■ **EXERCISE INSTRUCTIONS**
Without the images, write out the whole listing exactly.

■ **DATA SEGMENT**
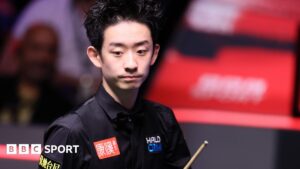 Read more about the article World Snooker Championship 2026: Wu Yize holds off Shaun Murphy fightback to retain slender lead in final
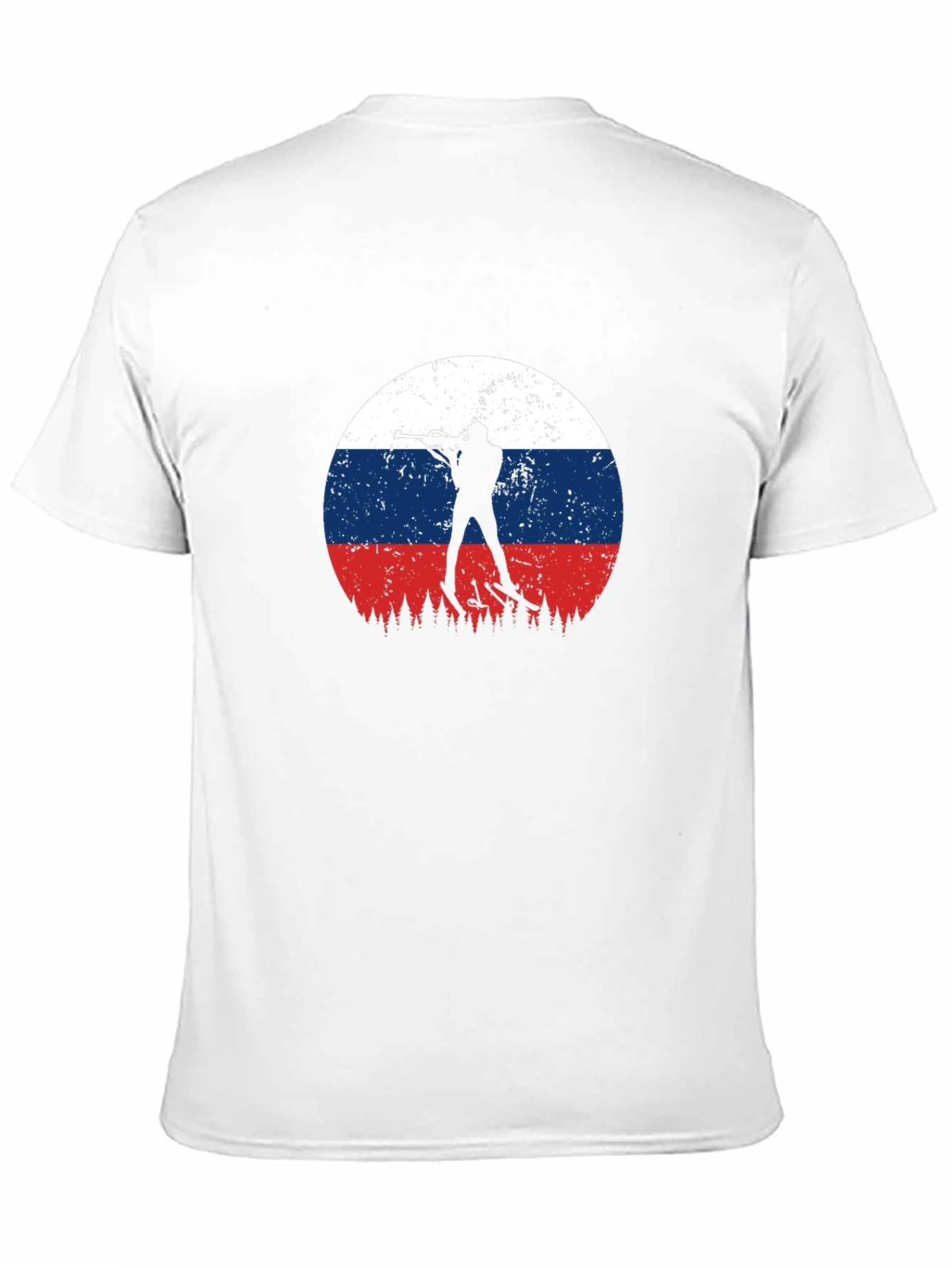 Biathlon Russia Flag Graphic T-Shirt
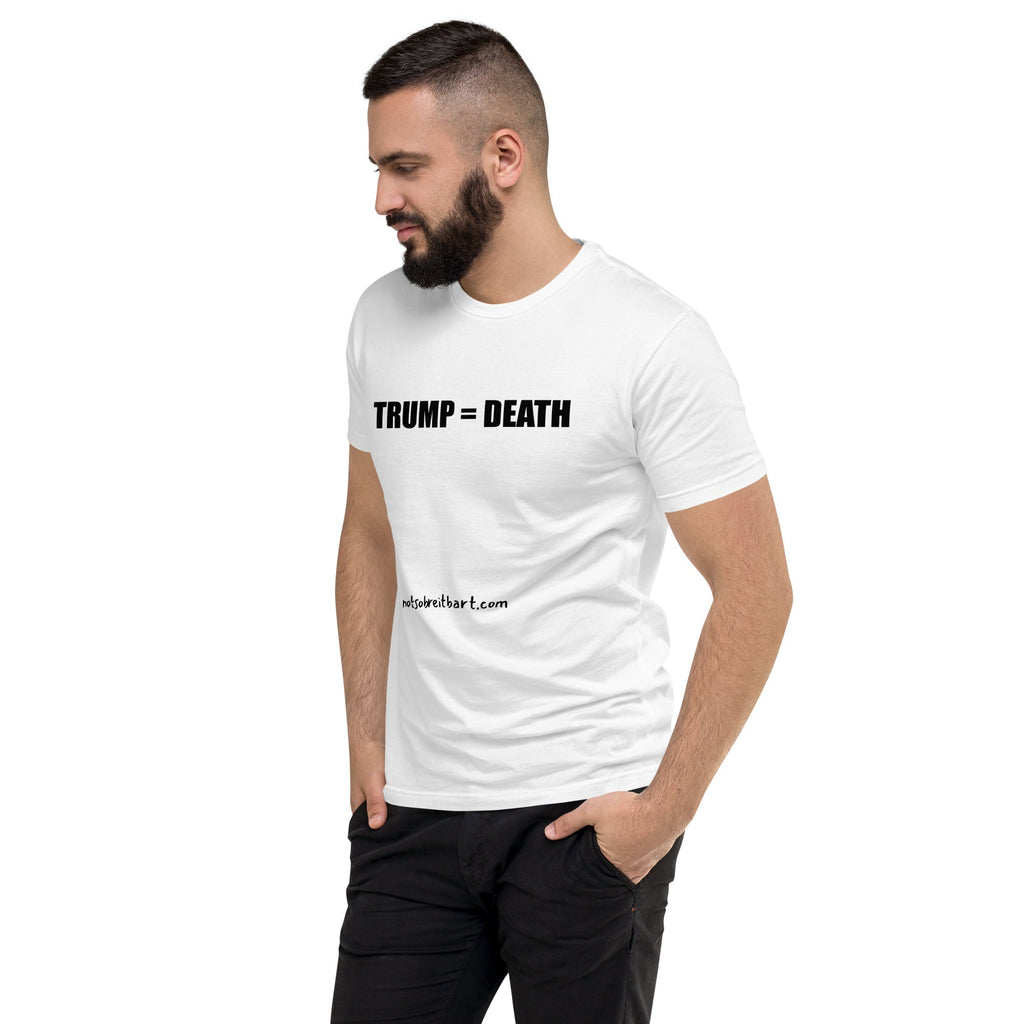 Trump = Death Men's Tapered T-shirt notsobreitbart.com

■ **OUTPUT BELOW**
 Read more about the article World Snooker Championship 2026: Wu Yize holds off Shaun Murphy fightback to retain slender lead in final
 Biathlon Russia Flag Graphic T-Shirt
 Trump = Death Men's Tapered T-shirt notsobreitbart.com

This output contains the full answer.